The traces are within government safety limits, but usual tests show no iodine, the AP news agency reported.
The earthquake and tsunami which struck on 11 March are known to have killed more than 7,300 people, while 11,000 more remain missing.
The authorities have begun building temporary homes for some of the hundreds of thousands of people still sheltering at emergency evacuation centres.
Many survivors have been enduring freezing temperatures without water, electricity, fuel or enough food.
Japan has been shaken by scores of tremors since 11 March - one of magnitude 6.1 hit the Ibaraki area south of Fukushima on Saturday. There were no immediate reports of any damage.
At the stricken plant, firefighters have continued to spray water at the dangerously overheated fuel rods, in a desperate attempt to avert a meltdown.
Engineers hope that restoring power will allow them to restart pumps to continue the cooling process.
Japan's nuclear safety agency earlier hoped that electricity would be restored on Saturday but later revised its projection.
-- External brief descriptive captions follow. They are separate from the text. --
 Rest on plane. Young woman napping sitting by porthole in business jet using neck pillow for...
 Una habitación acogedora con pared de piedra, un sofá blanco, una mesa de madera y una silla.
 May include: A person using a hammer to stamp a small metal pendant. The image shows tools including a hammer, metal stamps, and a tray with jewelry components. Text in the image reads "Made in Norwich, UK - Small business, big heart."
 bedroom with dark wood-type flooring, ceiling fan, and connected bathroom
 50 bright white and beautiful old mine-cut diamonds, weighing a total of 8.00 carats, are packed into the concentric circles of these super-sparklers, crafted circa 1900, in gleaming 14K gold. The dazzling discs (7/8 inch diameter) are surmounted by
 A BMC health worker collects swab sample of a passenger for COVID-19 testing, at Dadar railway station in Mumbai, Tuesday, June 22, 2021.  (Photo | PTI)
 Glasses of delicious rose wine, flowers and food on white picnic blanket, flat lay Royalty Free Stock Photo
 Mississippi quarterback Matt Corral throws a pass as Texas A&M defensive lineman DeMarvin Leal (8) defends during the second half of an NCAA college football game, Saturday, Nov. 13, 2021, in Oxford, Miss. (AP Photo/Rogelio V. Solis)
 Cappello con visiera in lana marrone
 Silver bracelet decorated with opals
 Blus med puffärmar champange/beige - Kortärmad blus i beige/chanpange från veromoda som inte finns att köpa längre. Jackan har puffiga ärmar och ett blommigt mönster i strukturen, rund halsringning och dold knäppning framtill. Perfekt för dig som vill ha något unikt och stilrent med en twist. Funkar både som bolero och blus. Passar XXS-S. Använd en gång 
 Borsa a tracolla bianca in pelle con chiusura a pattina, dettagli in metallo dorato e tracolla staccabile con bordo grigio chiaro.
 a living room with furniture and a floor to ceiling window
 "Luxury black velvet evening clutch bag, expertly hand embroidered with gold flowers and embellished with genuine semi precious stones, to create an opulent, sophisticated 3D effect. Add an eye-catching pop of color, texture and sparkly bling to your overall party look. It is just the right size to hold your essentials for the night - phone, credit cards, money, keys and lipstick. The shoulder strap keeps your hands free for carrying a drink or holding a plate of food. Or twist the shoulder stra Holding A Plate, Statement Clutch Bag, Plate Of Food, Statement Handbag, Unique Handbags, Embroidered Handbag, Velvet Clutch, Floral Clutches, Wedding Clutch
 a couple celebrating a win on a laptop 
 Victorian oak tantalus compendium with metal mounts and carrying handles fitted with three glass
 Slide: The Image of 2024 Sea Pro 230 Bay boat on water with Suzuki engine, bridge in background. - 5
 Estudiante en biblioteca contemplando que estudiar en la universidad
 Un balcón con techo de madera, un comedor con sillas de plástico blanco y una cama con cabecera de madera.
"If no problem is found at the facility today, the power will resume as early as tomorrow [Sunday], " agency spokesman Fumiaki Hayakawa is quoted by the AFP news agency as saying.
However, an official from the power company which runs the plant told AFP: "Although we are doing our best, unfortunately we cannot say when electricity will be restored."
Given the scale of the damage, it is not certain the cooling systems will work even if power is restored. Workers are also boring holes in roofs at the plant to prevent a potential gas explosion.
On Friday officials raised the alert level at the plant from four to five on a seven-point international scale of atomic incidents.
The crisis, previously rated as a local problem, is now regarded as having "wider consequences".
Radiation levels have risen in the capital Tokyo, 240km (150 miles) to the south, but officials say the amounts found are not harmful.
Meanwhile, reports that a young man had been found in a wrecked house eight days on from the quake have proved false, after it emerged that he had in fact returned to his ruined home from an evacuation centre.
Katsuharu Moriya, a man in his 20s, was found on Saturday by emergency workers in the city of Kesennuma, in Miyagi prefecture - one of the hardest-hit regions.
Millions of people have been affected by the 9.0-magnitude quake and tsunami; about 400,000 people are homeless.
The government has now conceded it was too slow in dealing with the nuclear crisis.
Chief Cabinet Secretary Yukio Edano accepted that "in hindsight, we could have moved a little quicker in assessing the situation and co-ordinating all that information and provided it faster".
Prime Minister Naoto Kan has sought to form a crisis cabinet to tackle reconstruction, but the leader of Japan's conservative opposition rejected an offer to join a grand coalition.